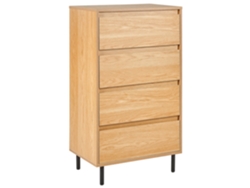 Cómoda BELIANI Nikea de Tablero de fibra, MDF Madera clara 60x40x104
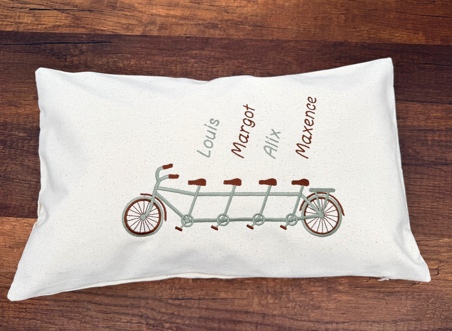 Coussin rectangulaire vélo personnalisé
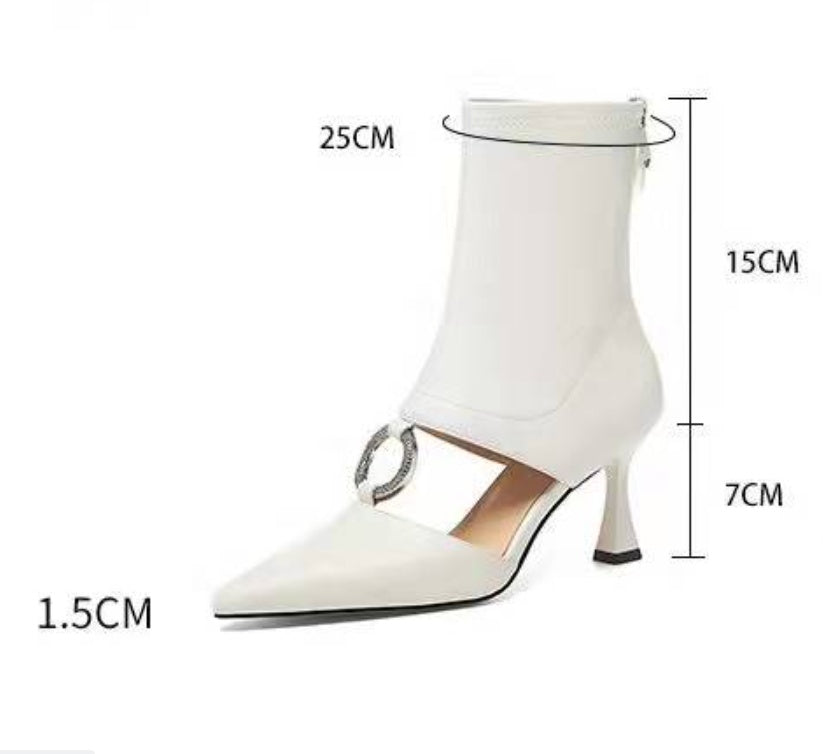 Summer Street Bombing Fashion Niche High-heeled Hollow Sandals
_ _ _ _
▶ _WHAT THE EXERCISE ASKS_
Restate word for word the lines above that start at the line containing "Coussin rectangulaire vélo personnalisé" and run to the end of the listing; exclude the pictures.

▶ _YOUR SOLUTION_
 Coussin rectangulaire vélo personnalisé
 Summer Street Bombing Fashion Niche High-heeled Hollow Sandals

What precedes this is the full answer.